Between France, Belgium and Germany lies the Great Duchy of Luxembourg, a country the same size of the average Greek prefecture and inhabited by approximately half a million people.
Luxembourg is an entirely landlocked country, meaning it has no access to the sea; yet it does not lack for water since tributaries of the Rhine (Moselle and others) run through it.
Luxembourg has been a sovereign state with the same borders since the 1839 First Treaty of London that, after the Napoleonic Wars, pretty much shaped the future of Europe. It was invaded and occupied several times by the Francs, the Hapsburgs, the Dutch, the Germans and others; the country can also boast for its remarkable national resistance against the Germans during World War II, which contributed to its final liberation by the USA. Today, it is a founding member of both the EU and NATO and a fanatic advocate of cooperation and peace – perhaps due to the insecurity that its size can create.
Regarding economy, Luxembourg has a remarkable primary sector (agriculture, stock-raising), which, naturally, is not enough to cover domestic demand; therefore, the country acts as a provider of services (banking, finances, insurance, etc.). The capital, Luxembourg City, is the site of several supra-national institutions (European Parliament, European Court of Justice, etc.).
A large portion of the country’s population (40%) is immigrants, mostly from other European countries. Another significant segment is made up by people who work in Luxembourg but reside in either of the three bordering countries, in order to avoid its high accommodation expenses.

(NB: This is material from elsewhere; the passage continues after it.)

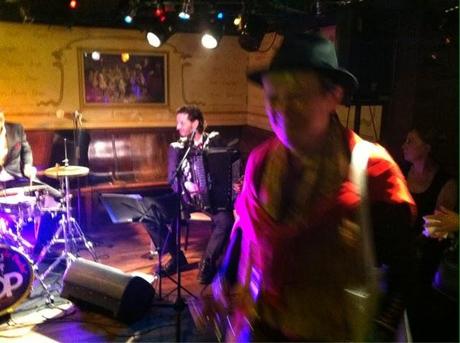 La fête au Lucernaire d'enfer, que de spectacles présentés, quels mélanges et initiatives à tous les étages...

Thus, they enter the country in the morning and leave in the evening.
Luxembourg’s unemployment is restricted to one-digit numbers and its per capita income is among the highest globally. The country is a protected tax haven; yet its social character is very strong and it provides its citizens with physical and social security of the highest standards.

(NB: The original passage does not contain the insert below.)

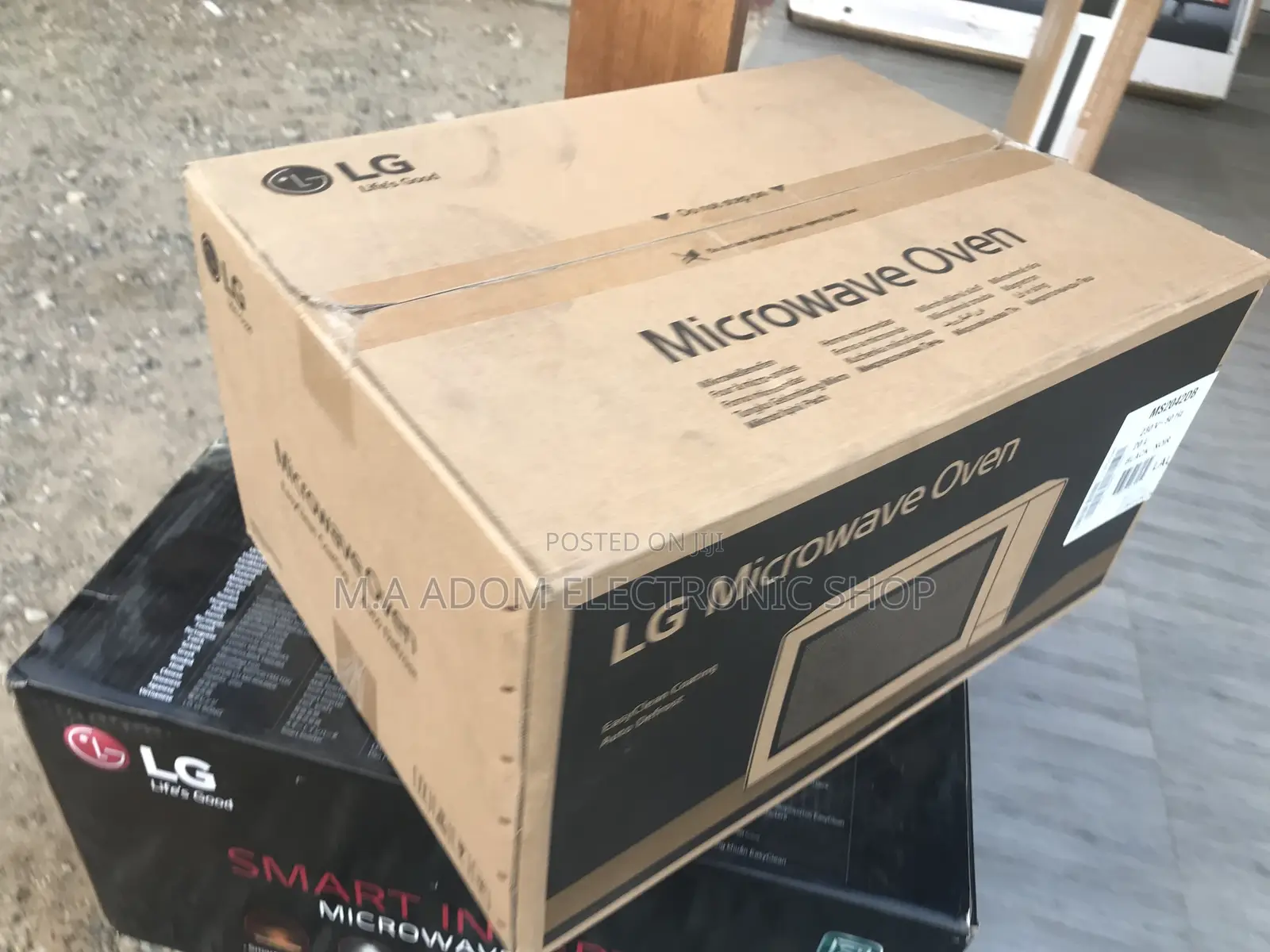 Push Button LG Solo 20L Ms2042db Microwave - Black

Luxembourg is serviced by a dense network of trains and buses. Its freeways are safe but not free of congestion during rush hours. The use of public transport is strongly ingrained (the monthly card for unlimited access to transport through the entire country costs 50 euro). Cars are almost persecuted, if we take into account the frequent existence of pedestrian crossings; the austere markings on the roads; and the priority given to pedestrians, bikes and all means of public transport.
Luxembourg is a parliamentary democracy headed by a constitutional monarch: Grand Duke Henri. His grandmother Charlotte is a Symbol of the Nation; she reigned as Grand Duchess from 1919 until 1964 and, while in exile, was very active in the pursuit of the country’s autonomy and liberation during World War II using the local language (Luxembourgish) as a means to that end. Luxembourgish is now one of three official languages of the country, along with French and German. The country’s national anniversary (23/6) is actually a result from Charlotte’s birthday (23/1) moved to a snow-free month. Such is the love for her!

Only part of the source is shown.